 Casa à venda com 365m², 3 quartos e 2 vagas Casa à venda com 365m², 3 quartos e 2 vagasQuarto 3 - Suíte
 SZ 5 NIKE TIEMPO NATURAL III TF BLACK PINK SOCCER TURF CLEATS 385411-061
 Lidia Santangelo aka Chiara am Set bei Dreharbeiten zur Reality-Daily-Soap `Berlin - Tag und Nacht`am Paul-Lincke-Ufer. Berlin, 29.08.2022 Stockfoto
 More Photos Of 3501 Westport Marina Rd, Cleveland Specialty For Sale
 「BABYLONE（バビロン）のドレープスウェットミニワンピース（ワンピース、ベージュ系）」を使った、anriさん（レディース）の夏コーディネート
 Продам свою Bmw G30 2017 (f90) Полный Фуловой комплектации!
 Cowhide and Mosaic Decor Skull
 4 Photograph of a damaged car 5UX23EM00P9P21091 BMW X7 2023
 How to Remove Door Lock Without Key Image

- - - - -

Exactly as written, output all of the entries.

 Casa à venda com 365m², 3 quartos e 2 vagas Casa à venda com 365m², 3 quartos e 2 vagasQuarto 3 - Suíte
 SZ 5 NIKE TIEMPO NATURAL III TF BLACK PINK SOCCER TURF CLEATS 385411-061
 Lidia Santangelo aka Chiara am Set bei Dreharbeiten zur Reality-Daily-Soap `Berlin - Tag und Nacht`am Paul-Lincke-Ufer. Berlin, 29.08.2022 Stockfoto
 More Photos Of 3501 Westport Marina Rd, Cleveland Specialty For Sale
 「BABYLONE（バビロン）のドレープスウェットミニワンピース（ワンピース、ベージュ系）」を使った、anriさん（レディース）の夏コーディネート
 Продам свою Bmw G30 2017 (f90) Полный Фуловой комплектации!
 Cowhide and Mosaic Decor Skull
 4 Photograph of a damaged car 5UX23EM00P9P21091 BMW X7 2023
 How to Remove Door Lock Without Key Image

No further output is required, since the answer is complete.